Palestinians carry the body of a Hamas militant killed in an Israeli air strike in Rafah, July 17, 2014 (photo credit: Abed Rahim Khatib/Flash90)
Palestinians carry the body of a Hamas militant killed in an Israeli air strike in Rafah, July 17, 2014 (photo credit: Abed Rahim Khatib/Flash90)

Hamas had wanted to take Israel by surprise at the outset of last summer’s operation by planning to launch a massive terror attack on an Israeli community near the Kerem Shalom crossing through a tunnel dug beneath the border. The organization’s political leadership decided to postpone the attack, however, allowing Israel to strike first. That decision has bred a lasting crisis of faith between Hamas’s military wing — which pushed for decisive action — and the more cautious political branch.

Today, eight months after the ceasefire, Hamas has resumed tunnel digging in full force; employing over 1,000 diggers and working three shifts, six days a week

The rift between the two branches manifests itself in their preference of regional allies. While the military wing, headed by Muhammad Deif, opts for closer ties with Iran (which continues to fund it to the tune of millions of dollars in cash smuggled from Egypt), the political wing, led by Khaled Mashaal in Qatar, is vying for rapprochement with Saudi Arabia and Egypt.

Deif, who has survived numerous Israeli assassination attempts, continues to command Hamas’s Izz ad-Din al-Qassam Brigades on both the strategic and tactical levels. Marwan Issa, a top commander of the Izz ad-Din al-Qassam Brigades, is emerging as one of the most powerful men in Hamas’s leadership, serving as intermediary between the political and military branches.

Meanwhile, eight months after the ceasefire, Hamas has resumed tunnel digging in full force, employing over 1,000 diggers working in three shifts six days a week. The materials used for the tunnels include concrete bought on the black market, as well as wood and hard plastic.

Tunnel workers taking time off to pray on the Gaza side of Rafah (photo credit: Wissam Nassar/Flash90)
Tunnel workers taking time off to pray on the Gaza side of Rafah (photo credit: Wissam Nassar/Flash90)

In addition, it is training elite marine and ground forces, known in Arabic as Nukhba, and developing new drones and long-range missiles funded by Tehran.

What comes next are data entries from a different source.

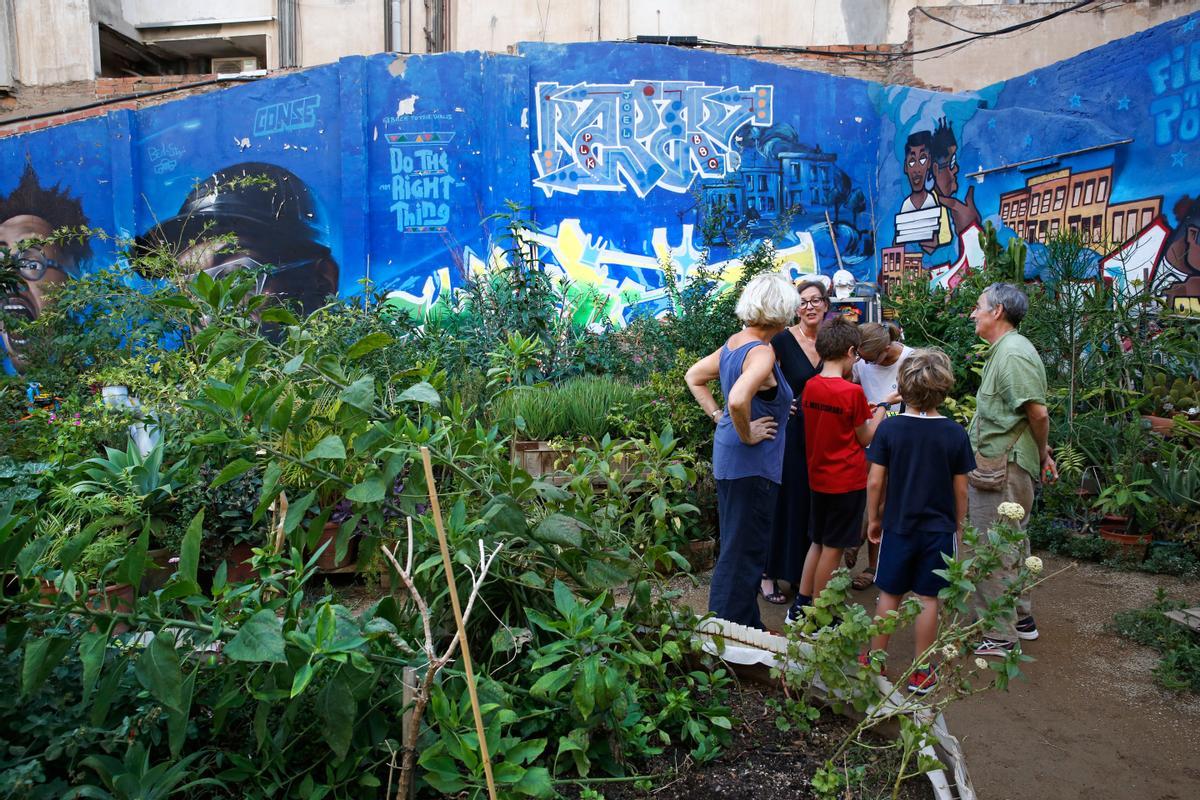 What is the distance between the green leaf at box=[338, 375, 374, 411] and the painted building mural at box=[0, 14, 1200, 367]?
Result: 863cm

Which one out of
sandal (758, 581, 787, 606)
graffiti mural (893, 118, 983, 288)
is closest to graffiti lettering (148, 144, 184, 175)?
graffiti mural (893, 118, 983, 288)

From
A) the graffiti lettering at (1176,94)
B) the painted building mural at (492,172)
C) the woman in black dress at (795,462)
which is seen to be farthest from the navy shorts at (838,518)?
the painted building mural at (492,172)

On the Egyptian front, Hamas is helping to train offensive forces in the Sinai Peninsula to carry out coordinated attacks against Israel. While supplying arms and medical assistance to Islamic State operatives in the Sinai, Hamas strictly adheres to the ceasefire with Israel in Gaza, preventing rocket launches with forces deployed along the border.

Quoting a senior Egyptian security source, Palestinian Ma’an news agency reported on Tuesday that Egypt has begun to take more robust measures to prevent the digging of new tunnels from Gaza into Sinai, pumping water underground using 50 machines to flood the tunnels and cause them to collapse. Egypt is also expanding the current no-go buffer zone along its 13-kilometer (8-mile) border with Gaza from one kilometer to five. Within months, Egypt plans to dig a water canal from the Mediterranean to the southern tip of the Gaza Strip, hoping to eradicate underground tunnels once and for all.

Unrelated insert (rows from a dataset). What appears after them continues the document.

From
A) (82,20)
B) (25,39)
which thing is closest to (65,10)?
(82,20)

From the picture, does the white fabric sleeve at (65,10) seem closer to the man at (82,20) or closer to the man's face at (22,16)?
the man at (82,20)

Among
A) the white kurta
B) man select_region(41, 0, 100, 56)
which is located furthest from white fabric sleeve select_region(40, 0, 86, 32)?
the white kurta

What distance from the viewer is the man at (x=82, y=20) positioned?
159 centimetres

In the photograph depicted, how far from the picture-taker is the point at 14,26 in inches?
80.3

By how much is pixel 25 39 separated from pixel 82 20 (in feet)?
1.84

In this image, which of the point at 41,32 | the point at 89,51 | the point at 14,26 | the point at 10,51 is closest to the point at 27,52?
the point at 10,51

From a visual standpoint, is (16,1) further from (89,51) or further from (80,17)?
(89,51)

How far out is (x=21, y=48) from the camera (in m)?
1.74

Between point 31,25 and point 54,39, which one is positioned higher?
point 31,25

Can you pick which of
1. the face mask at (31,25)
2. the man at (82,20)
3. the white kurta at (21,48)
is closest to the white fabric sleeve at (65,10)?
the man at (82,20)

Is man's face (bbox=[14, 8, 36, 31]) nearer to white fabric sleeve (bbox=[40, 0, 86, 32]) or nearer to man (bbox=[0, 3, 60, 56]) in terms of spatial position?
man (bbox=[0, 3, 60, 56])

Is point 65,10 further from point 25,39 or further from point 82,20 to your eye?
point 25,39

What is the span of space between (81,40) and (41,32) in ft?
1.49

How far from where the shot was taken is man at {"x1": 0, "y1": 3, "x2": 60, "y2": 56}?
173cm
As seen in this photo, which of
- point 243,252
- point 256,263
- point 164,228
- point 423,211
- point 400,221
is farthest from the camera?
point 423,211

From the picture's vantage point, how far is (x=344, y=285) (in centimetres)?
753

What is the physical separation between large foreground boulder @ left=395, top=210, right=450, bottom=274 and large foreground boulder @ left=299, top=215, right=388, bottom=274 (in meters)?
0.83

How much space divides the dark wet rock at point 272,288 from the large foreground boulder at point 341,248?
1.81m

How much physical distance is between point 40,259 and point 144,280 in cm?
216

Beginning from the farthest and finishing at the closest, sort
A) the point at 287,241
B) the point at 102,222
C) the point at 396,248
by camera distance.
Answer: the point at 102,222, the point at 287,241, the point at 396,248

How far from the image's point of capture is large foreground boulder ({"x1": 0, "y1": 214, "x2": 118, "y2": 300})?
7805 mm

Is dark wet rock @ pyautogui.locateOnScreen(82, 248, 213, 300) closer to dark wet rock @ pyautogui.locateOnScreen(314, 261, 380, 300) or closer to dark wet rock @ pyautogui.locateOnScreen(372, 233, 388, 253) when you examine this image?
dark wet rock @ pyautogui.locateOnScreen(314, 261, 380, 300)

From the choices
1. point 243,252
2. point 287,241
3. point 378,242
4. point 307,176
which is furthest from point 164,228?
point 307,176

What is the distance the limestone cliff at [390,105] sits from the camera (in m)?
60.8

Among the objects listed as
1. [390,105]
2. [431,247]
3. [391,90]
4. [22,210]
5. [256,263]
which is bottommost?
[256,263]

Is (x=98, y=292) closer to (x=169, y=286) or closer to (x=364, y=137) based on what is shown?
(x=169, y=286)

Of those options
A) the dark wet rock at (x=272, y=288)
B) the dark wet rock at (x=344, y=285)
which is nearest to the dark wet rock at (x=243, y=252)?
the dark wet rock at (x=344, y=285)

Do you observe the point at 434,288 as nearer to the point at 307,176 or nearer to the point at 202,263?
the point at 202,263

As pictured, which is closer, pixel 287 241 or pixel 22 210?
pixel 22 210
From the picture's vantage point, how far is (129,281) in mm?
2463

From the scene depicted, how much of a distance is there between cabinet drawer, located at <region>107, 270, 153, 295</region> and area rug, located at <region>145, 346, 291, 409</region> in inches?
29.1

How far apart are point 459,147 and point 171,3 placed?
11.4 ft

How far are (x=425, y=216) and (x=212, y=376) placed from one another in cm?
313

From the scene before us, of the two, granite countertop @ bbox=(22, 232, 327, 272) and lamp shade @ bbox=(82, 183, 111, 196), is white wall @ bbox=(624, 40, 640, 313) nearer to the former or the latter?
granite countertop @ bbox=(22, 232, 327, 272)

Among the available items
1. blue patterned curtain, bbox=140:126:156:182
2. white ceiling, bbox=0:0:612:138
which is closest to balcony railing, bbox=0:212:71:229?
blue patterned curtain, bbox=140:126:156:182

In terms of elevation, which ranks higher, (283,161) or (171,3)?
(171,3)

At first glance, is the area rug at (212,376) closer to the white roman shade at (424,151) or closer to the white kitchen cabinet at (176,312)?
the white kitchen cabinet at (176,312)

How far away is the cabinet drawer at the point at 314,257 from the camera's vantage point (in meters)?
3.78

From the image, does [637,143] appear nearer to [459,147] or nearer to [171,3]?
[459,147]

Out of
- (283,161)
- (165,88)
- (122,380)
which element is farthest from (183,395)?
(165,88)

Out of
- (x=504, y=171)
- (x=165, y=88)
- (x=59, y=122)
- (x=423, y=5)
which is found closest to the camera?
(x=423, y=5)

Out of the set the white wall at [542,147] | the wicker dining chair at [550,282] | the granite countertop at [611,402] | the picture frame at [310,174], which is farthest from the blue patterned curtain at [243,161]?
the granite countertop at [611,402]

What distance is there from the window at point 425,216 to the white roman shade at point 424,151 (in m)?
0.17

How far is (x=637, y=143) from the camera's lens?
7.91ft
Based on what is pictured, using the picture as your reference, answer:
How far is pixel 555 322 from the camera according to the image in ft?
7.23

Smoke rises after a house was blown up during a military operation by Egyptian security forces in the Egyptian city of Rafah near the border with southern Gaza Strip on November 20, 2014 (photo credit: Abed Rahim Khatib/Flash90)
Smoke rises after a house was blown up during a military operation by Egyptian security forces in the Egyptian city of Rafah near the border with southern Gaza Strip on November 20, 2014 (photo credit: Abed Rahim Khatib/Flash90)

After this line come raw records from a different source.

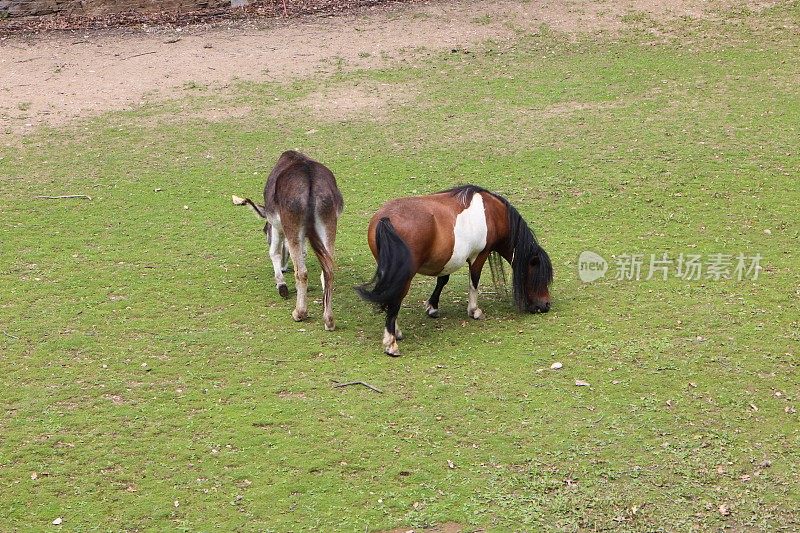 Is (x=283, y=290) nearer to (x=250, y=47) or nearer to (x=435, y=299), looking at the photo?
(x=435, y=299)

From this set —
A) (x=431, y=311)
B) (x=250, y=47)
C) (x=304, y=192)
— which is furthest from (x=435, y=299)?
(x=250, y=47)

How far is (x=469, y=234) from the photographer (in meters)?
8.41

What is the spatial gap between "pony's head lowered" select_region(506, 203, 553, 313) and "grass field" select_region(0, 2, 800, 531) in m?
0.21

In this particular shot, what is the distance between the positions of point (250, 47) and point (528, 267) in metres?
8.96

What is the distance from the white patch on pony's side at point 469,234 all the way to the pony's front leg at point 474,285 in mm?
74

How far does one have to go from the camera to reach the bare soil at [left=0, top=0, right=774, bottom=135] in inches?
579

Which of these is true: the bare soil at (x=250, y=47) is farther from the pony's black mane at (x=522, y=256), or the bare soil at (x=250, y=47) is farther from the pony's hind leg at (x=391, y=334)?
the pony's hind leg at (x=391, y=334)

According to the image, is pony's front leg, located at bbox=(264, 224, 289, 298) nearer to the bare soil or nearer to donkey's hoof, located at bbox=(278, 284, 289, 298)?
donkey's hoof, located at bbox=(278, 284, 289, 298)

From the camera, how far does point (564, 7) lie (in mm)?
17297

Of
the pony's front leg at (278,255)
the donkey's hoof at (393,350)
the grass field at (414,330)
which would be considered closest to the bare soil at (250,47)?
the grass field at (414,330)

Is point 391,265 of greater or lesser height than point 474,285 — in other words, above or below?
above

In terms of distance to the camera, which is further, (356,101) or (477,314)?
(356,101)

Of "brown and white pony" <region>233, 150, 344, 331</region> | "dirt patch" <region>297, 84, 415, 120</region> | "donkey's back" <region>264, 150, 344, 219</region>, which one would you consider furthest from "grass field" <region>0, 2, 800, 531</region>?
"donkey's back" <region>264, 150, 344, 219</region>

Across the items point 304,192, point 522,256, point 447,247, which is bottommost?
point 522,256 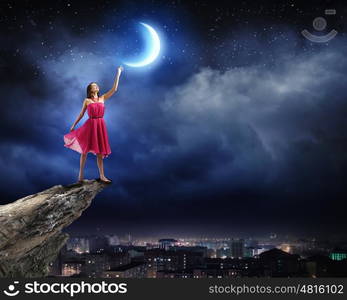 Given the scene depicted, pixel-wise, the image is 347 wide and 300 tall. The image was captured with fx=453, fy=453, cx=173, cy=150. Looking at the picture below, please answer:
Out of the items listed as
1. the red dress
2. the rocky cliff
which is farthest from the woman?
the rocky cliff

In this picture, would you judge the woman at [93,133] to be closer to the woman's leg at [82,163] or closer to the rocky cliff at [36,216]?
the woman's leg at [82,163]

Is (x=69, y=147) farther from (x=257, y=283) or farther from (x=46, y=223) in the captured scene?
(x=257, y=283)

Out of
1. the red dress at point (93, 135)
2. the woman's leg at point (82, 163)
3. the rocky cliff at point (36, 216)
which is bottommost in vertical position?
the rocky cliff at point (36, 216)

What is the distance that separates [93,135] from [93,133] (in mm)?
34

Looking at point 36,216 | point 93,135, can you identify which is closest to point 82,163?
point 93,135

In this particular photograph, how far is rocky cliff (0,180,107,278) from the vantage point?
7.25m

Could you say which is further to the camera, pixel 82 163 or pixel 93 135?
pixel 82 163

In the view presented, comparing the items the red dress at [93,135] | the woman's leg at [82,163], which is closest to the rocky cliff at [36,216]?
the woman's leg at [82,163]

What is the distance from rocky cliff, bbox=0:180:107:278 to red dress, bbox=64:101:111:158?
58cm

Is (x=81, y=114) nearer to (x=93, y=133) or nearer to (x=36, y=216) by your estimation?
(x=93, y=133)

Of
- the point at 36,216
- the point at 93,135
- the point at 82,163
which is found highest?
the point at 93,135

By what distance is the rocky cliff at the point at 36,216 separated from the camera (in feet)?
23.8

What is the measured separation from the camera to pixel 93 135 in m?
7.38

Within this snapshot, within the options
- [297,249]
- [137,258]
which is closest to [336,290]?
[297,249] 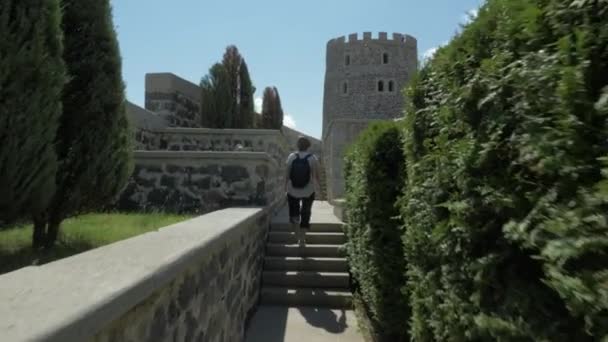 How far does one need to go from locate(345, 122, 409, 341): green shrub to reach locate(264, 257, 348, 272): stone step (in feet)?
4.53

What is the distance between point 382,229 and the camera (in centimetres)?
388

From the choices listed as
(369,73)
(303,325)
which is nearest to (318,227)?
(303,325)

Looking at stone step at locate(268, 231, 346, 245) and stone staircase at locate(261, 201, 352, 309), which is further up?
stone step at locate(268, 231, 346, 245)

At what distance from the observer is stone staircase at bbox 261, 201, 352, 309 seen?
220 inches

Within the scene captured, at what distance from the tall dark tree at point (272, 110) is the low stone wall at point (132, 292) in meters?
18.6

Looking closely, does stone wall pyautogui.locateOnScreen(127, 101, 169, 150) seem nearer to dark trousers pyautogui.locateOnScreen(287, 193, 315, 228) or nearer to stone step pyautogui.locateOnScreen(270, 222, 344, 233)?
stone step pyautogui.locateOnScreen(270, 222, 344, 233)

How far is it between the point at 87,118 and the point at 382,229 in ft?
10.1

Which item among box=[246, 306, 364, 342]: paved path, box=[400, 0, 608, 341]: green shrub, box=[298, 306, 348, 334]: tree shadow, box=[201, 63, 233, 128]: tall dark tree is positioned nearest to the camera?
box=[400, 0, 608, 341]: green shrub

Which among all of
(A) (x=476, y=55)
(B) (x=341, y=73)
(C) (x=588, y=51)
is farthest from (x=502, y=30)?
(B) (x=341, y=73)

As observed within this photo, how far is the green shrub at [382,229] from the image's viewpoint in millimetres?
3684

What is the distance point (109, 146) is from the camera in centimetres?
396

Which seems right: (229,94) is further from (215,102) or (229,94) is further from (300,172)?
(300,172)

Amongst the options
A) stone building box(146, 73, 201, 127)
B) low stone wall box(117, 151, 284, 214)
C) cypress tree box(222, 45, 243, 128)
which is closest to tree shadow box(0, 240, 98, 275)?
low stone wall box(117, 151, 284, 214)

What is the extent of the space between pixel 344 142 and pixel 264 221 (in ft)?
24.2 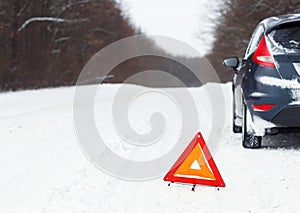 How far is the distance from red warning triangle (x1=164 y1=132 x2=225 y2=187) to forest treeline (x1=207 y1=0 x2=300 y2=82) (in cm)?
2624

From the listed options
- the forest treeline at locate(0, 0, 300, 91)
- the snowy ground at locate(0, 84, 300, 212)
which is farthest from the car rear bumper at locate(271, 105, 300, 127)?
the forest treeline at locate(0, 0, 300, 91)

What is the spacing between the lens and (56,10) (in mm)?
37000

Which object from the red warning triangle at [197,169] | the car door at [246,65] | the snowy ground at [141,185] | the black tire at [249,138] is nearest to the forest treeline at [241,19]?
the car door at [246,65]

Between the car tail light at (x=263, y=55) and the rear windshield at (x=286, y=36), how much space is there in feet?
0.38

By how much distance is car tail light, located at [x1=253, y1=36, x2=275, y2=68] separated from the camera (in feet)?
17.6

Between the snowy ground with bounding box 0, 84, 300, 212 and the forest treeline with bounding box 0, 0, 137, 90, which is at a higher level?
the snowy ground with bounding box 0, 84, 300, 212

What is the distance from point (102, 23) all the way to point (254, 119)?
47.5m

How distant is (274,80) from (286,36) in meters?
0.66

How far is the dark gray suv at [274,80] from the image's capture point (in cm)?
522

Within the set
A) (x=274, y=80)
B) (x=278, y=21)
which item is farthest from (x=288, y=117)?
(x=278, y=21)

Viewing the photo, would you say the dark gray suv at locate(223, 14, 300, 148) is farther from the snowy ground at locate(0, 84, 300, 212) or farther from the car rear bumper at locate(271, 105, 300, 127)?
the snowy ground at locate(0, 84, 300, 212)

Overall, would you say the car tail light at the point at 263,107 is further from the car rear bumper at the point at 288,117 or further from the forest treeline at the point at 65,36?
the forest treeline at the point at 65,36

According to Ma’an, Israel has also allowed Egypt to introduce heavy artillery and F-16 fighter jets into Sinai in its war on local terror cells, for the first time since the signing of the Camp David Peace Accords in 1979.  

Israel understands that the key to lasting calm in Gaza lies with the combination of effective military deterrence and relative economic prosperity. With the Egyptian border closed indefinitely to Gaza, the impoverished, devastated Strip grows increasingly dependent on Israel for its sustenance.

The new Israeli government will soon be requested to allow in hundreds of day laborers from Gaza, for the first time in years, augmenting the recent license given for the export of agricultural produce.